◆ **Exercise details**
Every line in the data below from the one containing "S925 Sterling Silver" down to the one containing "Finer Packaging illustrates", both included, must be retyped exactly; no other line is to appear.

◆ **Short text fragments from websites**
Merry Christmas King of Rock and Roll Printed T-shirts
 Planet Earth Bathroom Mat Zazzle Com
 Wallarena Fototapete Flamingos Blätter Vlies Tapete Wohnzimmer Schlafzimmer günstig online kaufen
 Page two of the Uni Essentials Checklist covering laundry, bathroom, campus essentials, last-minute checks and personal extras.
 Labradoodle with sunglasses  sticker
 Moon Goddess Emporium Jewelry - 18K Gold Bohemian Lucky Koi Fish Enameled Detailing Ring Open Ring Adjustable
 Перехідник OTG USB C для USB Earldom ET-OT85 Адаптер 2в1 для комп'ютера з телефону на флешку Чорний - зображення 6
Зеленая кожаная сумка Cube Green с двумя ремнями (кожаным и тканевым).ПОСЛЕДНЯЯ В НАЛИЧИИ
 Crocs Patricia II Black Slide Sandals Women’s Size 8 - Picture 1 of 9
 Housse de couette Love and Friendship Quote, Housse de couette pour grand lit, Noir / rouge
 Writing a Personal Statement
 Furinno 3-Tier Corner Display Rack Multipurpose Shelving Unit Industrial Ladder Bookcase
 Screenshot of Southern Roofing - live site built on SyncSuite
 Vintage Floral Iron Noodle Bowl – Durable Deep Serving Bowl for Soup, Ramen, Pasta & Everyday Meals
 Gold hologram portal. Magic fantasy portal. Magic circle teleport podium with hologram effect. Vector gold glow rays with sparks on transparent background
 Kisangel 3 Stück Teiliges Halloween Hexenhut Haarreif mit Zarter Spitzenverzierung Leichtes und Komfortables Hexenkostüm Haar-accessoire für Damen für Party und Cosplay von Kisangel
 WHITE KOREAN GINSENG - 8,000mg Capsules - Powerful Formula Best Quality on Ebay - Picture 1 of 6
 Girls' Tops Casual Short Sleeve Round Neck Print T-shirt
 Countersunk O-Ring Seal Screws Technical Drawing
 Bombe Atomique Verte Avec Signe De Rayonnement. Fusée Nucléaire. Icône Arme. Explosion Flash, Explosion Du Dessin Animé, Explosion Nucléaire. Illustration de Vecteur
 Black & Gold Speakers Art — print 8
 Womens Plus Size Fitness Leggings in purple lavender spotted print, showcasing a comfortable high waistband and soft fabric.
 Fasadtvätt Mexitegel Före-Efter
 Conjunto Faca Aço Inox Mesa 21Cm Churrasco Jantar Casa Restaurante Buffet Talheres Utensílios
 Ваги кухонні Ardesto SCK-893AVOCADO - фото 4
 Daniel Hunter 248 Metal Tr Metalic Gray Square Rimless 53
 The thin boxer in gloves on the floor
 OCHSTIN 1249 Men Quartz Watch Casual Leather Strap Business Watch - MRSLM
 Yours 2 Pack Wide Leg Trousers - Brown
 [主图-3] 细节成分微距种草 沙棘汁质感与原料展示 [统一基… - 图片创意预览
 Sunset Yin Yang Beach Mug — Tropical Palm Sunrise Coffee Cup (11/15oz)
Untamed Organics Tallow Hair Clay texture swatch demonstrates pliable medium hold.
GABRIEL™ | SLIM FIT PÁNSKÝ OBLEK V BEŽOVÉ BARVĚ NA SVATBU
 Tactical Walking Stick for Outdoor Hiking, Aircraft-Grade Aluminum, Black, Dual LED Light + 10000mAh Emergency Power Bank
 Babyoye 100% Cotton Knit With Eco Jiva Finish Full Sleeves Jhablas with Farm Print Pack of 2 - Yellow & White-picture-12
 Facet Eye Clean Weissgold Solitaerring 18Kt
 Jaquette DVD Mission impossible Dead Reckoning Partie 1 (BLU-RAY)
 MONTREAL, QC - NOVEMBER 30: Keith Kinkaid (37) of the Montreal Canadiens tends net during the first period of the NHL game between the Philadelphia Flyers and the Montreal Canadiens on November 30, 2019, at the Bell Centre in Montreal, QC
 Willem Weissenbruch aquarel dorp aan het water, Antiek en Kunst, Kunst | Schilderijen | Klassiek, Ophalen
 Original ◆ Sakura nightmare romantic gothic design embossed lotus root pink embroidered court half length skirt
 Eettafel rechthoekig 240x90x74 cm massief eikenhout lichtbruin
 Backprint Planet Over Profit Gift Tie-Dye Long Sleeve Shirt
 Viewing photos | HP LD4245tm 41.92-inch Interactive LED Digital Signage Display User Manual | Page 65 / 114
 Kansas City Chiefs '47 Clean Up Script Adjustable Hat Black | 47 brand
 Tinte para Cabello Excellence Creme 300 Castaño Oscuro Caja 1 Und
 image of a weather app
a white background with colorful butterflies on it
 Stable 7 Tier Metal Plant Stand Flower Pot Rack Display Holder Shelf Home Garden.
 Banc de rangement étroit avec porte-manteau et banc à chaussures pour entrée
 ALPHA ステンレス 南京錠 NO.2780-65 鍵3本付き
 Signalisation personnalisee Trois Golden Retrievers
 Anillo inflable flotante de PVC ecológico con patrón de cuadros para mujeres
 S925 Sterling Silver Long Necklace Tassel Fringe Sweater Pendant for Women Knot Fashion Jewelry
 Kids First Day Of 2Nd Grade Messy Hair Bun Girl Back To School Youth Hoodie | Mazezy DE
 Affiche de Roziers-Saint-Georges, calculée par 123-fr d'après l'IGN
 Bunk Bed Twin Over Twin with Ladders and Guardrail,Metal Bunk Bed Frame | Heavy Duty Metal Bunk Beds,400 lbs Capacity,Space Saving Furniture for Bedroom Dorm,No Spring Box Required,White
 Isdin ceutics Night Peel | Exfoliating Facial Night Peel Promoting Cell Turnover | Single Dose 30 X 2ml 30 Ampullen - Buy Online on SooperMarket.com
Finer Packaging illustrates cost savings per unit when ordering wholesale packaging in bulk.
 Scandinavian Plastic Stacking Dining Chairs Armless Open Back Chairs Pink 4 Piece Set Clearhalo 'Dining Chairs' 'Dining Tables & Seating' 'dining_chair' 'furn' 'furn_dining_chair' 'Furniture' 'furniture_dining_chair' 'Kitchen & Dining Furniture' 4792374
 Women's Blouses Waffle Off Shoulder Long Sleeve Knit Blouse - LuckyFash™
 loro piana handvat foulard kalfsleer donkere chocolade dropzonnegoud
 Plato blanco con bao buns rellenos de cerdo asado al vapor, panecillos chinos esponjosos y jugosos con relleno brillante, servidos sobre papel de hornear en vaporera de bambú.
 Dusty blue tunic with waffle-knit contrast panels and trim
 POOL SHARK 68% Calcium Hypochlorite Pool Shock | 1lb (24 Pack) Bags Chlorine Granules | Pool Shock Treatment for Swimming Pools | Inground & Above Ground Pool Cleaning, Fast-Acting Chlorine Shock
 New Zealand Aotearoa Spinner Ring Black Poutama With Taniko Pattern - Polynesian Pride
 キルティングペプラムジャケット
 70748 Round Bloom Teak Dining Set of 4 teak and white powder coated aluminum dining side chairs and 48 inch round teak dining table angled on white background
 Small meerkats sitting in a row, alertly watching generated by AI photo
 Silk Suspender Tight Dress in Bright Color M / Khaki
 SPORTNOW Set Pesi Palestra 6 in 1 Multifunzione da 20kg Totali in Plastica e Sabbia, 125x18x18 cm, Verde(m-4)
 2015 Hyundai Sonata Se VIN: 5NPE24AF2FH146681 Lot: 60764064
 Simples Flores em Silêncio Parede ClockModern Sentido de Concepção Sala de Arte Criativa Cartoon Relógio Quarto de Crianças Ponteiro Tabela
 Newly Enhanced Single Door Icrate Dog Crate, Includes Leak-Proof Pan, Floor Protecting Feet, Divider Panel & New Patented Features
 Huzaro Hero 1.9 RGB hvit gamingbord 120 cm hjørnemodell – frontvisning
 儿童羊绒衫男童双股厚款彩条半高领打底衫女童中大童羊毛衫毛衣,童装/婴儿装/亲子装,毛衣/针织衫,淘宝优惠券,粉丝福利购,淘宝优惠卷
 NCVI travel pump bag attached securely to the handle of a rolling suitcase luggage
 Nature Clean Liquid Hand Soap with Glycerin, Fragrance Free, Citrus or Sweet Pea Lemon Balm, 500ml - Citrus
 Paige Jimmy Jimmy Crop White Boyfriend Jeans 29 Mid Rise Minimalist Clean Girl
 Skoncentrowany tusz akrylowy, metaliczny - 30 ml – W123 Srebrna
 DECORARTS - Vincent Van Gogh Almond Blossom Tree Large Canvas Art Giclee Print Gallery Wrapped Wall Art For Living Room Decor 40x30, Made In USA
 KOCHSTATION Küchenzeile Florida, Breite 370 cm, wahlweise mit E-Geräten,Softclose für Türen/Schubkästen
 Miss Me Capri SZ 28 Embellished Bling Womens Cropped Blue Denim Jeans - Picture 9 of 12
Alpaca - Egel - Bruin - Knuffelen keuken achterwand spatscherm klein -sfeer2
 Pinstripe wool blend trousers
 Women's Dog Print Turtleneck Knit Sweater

◆ **Response box**
 S925 Sterling Silver Long Necklace Tassel Fringe Sweater Pendant for Women Knot Fashion Jewelry
 Kids First Day Of 2Nd Grade Messy Hair Bun Girl Back To School Youth Hoodie | Mazezy DE
 Affiche de Roziers-Saint-Georges, calculée par 123-fr d'après l'IGN
 Bunk Bed Twin Over Twin with Ladders and Guardrail,Metal Bunk Bed Frame | Heavy Duty Metal Bunk Beds,400 lbs Capacity,Space Saving Furniture for Bedroom Dorm,No Spring Box Required,White
 Isdin ceutics Night Peel | Exfoliating Facial Night Peel Promoting Cell Turnover | Single Dose 30 X 2ml 30 Ampullen - Buy Online on SooperMarket.com
Finer Packaging illustrates cost savings per unit when ordering wholesale packaging in bulk.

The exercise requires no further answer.